The 1992 Scenario: The foundation of the 1992 rules was a calculation that a RRIF holder should receive an income stream that grew 1 percent annually until age 94, to provide some protection from inflation (Canada 1992, 143), assuming a 7 percent nominal return on RRIF assets (Canada 2015, 446-47). Although inflation targeting was relatively new and unproven in 1992, that nominal return assumption presumed reasonable returns in real terms. The nominal yield on a portfolio of government of Canada bonds with maturities roughly matching expected drawdowns, adjusted for the inflation rates anticipated in the Bank of Canada’s inflation-reduction targets at the time, produced a prospective compound real rate of return of about 5.7 percent (Table 1, 1992 column).
A few simplifying assumptions let us calculate how these returns interact with a minimum withdrawal schedule to determine the real value of a typical retiree’s nest egg over time. Suppose birthdays, retirements, and RRIF distributions all occur at year-end. With the yields available in 1992, the real value of a dollar in a RRIF at the end of the year the account holder turned 71 would drop below 50 cents by the end of the year s/he reached age 91. It would drop below 25 cents by the end of the year s/he reached age 96, and below 10 cents by the end of the year s/he reached age 102.

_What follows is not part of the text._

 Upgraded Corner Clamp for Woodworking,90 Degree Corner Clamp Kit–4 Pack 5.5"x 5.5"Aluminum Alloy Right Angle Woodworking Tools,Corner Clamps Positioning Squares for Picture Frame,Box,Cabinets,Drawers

In 1992, the odds that this person would experience those depletions were low. The life tables available then gave a 71-year-old man about a one-in-eight chance, and a 71-year-old woman about a one-in-four chance, of surviving to age 91, the year the nest-egg’s real value would have fallen by half (Table 2, first panel).4
As for reaching age 96 – the year its real value would have fallen by
three-quarters – the odds were 1 in 30 for a man, and 1 in 9 for a woman. The odds of reaching age 102 – the year its value would drop 90 percent – were negligible for either sex. So these minimum withdrawals would have presented most retirees with no serious threat to sufficient tax-deferred funds in very old age.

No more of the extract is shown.